Another early endorsement of the new frontier ideology came from Woodrow Wilson, who saw the reforming elite as the best means of cementing Americans to "the best government of the few". He wrote for The Atlantic Monthly, today one of Hitchens' favourite haunts an generally the house magazine of liberal Zionism, on the topic of 'Democracy and Efficiency'. Democracy must prove itself efficient or face "reactionary revolution", he mused. Speaking wistfully of the genocidal campaign against the Indians, he added: "Until 1900 the United States always had a frontier ... There was always space and adventure enough and to spare, to satisfy the feet of our young men ... The whole European world, which gave us our materials, has been moralised and liberalised by the striking and stupendous spectacle". Accentuating the powerful emulative force of Americans past, Wilson goes on to add that "Our interests must march forward, altruists though we are; other nations must stand off, and do not seek to stay us."
In another article, 'The Ideals of America', Wilson argues that the "spirit of the old days is not dead", being "the very principle of life in a nation alive and quick in every fibre". He argued that the 1812 war, in which America sought to expand into Canada, was the true war of independence. And he tried to ward off the ideological offensive of the Anti-Imperialist League, who argued that conquest and colonisation was precisely what the colonists had rebelled against. He urged fellow Americans to understand that their capacity for self-government had been developed under the long subordination to King George, who taught them respect for authority and the common good, obedience to the law and patience with slow change. They could come to understand this "preparatory discipline" again if they experienced the introduction of democracy to the Philippines, whose luckless inhabitants would need years in stars n stripes flecked training diapers before moving on to self-government.
Not only would it be necessary to create a new American public of course - the moulding a new imperial state as crucial. This required, according to Roosevelt: a drastic expansion in the power of the executive; the reduction of representative government to professional administration in support of the executive; the use of political science to perfect technocratic methods; the use of academic institutions to make the system more meritocratic.
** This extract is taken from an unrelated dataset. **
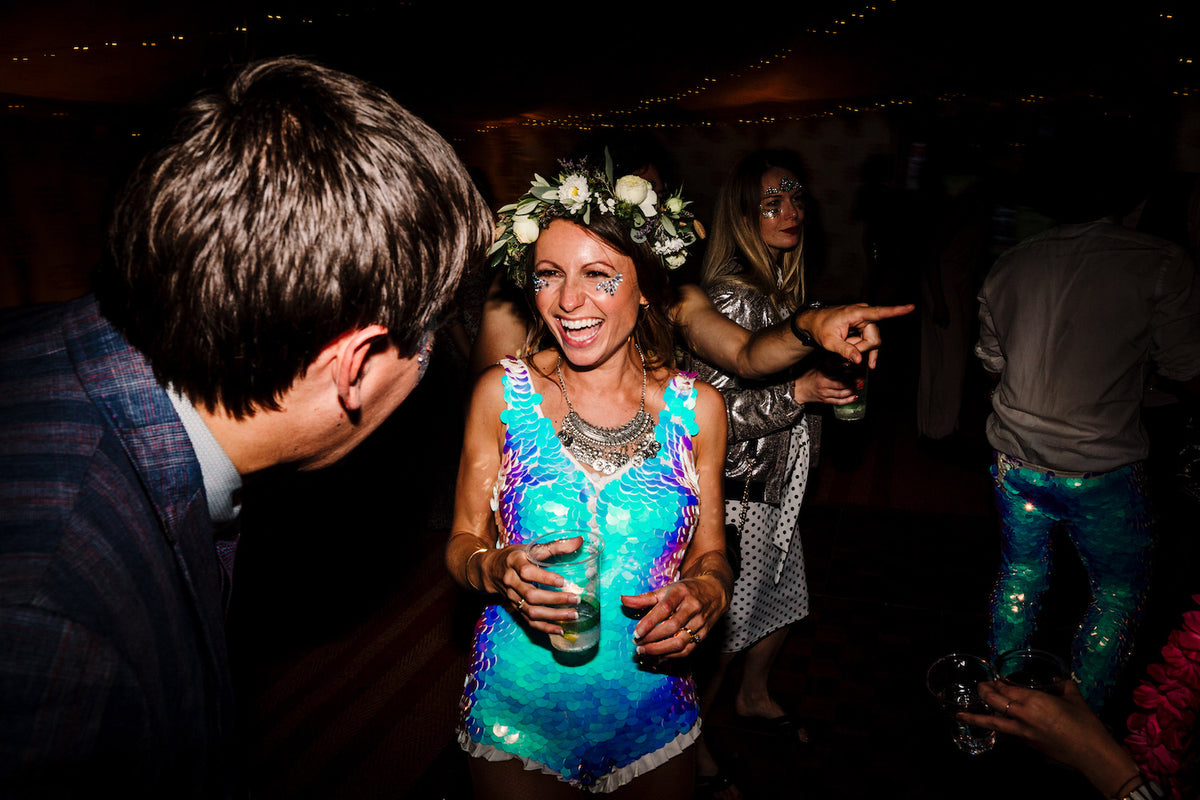 A bride wearing a festival style sequin playsuit and floral headdress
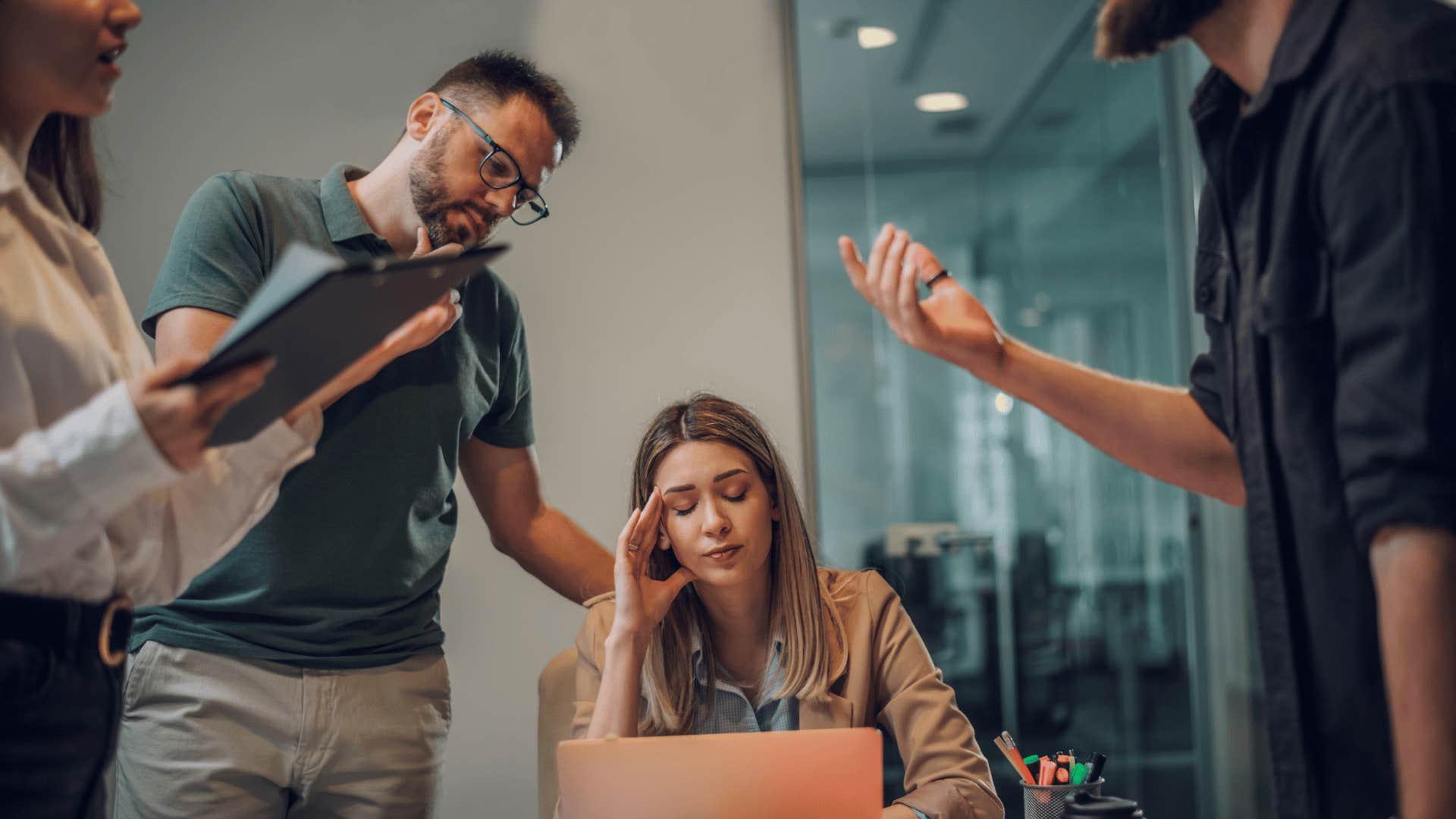 woman feeling overstimulated at work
Wilson was not a democrat in the sense that he thought the common masses should have a say in government (ie, not a democrat in any meaningful sense). He perceived the masses as governed by irrational sentiment, and argued that "Representative government has had its long life and excellent development, not in order that common opinion, the opinion of the street, might prevail, but in order that the best opinion, the opinion generated by the best possible methods of general counsel, might rule in affairs". Indeed, universal suffrage was liable to put an end to republican liberty (capitalism) as far as he was concerned. He didn't like it one bit.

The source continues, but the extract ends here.